One out of 4 subjects with asthma continues smoking and reports significantly more chronic cough and phlegm than never smokers and ex-smokers. This stresses the importance of smoking cessation in all patients with asthma, even in those with less severe asthma.

摘要

背景

哮喘患者的吸烟率常被报道与普通人群相似,但现有数据已过时。基于人群的哮喘患者队列中,关于吸烟对健康结果的长期影响的信息有限且存在一定冲突。
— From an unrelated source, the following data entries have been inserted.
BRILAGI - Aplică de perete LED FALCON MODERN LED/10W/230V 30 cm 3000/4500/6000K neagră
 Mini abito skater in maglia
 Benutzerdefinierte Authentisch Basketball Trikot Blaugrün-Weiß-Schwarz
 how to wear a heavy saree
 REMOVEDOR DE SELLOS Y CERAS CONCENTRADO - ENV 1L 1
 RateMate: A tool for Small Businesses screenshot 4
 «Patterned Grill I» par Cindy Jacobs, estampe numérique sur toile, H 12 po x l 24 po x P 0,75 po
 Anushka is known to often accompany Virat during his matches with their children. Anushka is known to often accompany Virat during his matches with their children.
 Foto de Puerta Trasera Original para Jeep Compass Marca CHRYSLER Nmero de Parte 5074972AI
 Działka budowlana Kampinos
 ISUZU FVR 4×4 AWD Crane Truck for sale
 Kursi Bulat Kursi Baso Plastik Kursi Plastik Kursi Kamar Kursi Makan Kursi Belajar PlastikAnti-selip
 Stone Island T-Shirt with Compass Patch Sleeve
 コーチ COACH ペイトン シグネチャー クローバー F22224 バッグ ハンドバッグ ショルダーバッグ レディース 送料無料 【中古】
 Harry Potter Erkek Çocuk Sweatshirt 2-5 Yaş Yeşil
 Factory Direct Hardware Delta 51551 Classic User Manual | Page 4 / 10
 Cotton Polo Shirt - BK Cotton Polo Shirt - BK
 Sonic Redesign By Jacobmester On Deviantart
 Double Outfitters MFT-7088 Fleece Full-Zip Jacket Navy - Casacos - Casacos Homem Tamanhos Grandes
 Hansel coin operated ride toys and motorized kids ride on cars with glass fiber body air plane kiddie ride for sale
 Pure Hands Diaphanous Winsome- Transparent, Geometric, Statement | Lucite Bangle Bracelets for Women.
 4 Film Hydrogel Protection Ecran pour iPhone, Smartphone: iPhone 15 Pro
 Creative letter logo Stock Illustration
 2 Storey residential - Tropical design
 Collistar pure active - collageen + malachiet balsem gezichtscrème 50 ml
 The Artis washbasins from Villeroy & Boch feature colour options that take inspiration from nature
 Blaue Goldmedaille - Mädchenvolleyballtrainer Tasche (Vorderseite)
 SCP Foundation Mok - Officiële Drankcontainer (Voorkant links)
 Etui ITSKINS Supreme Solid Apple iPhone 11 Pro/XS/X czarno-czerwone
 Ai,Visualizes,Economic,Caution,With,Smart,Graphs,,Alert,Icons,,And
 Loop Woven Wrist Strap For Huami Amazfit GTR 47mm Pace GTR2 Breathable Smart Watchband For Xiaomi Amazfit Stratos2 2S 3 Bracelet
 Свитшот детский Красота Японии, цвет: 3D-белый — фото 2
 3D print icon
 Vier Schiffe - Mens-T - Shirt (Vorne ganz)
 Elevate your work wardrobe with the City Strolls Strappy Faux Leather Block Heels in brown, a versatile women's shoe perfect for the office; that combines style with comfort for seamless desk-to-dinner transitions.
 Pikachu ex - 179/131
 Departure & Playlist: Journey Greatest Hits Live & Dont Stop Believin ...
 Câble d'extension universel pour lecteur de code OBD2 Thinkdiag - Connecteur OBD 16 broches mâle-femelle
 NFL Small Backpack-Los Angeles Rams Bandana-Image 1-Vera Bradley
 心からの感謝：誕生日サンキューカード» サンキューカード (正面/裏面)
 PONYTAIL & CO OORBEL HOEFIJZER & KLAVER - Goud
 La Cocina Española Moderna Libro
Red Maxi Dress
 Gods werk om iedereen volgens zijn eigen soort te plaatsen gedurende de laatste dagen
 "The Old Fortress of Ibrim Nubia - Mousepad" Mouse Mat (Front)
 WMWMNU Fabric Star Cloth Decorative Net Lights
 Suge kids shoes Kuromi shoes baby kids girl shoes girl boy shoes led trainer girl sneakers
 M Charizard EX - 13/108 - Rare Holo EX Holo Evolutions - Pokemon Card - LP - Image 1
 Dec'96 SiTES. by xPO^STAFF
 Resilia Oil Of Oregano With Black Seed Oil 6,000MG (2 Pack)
我们旨在研究哮喘患者吸烟习惯的变化及其对 1 秒用力呼气量(FEV1)的影响,并与普通人群进行比较,重点关注健康吸烟者效应。

方法

我们研究了在基线时既无哮喘又有哮喘的 9092 名和 1045 名参与者,他们均参加了欧洲社区呼吸健康调查 I(1991-1993 年时年龄为 20-44 岁)和 II(1999-2002 年)。

结果

随访时,哮喘患者的吸烟率明显低于普通人群(26%比 31%;p<0.001)。在 20 世纪 90 年代随访开始时已戒烟的哮喘患者的哮喘评分最高(报告的哮喘样症状数,范围 0-5),可能是由于健康吸烟者效应(从不吸烟者为 2.80,戒烟者为 2.19,吸烟者为 2.24;p<0.001)。吸烟对 FEV1 下降的影响与哮喘状态无关。吸烟者中慢性咳嗽/咳痰的比例最高(p<0.01)。

结论

每 4 名哮喘患者中就有 1 名继续吸烟,报告的慢性咳嗽和咳痰明显多于从不吸烟者和戒烟者。这强调了在所有哮喘患者中戒烟的重要性,即使是那些哮喘程度较轻的患者。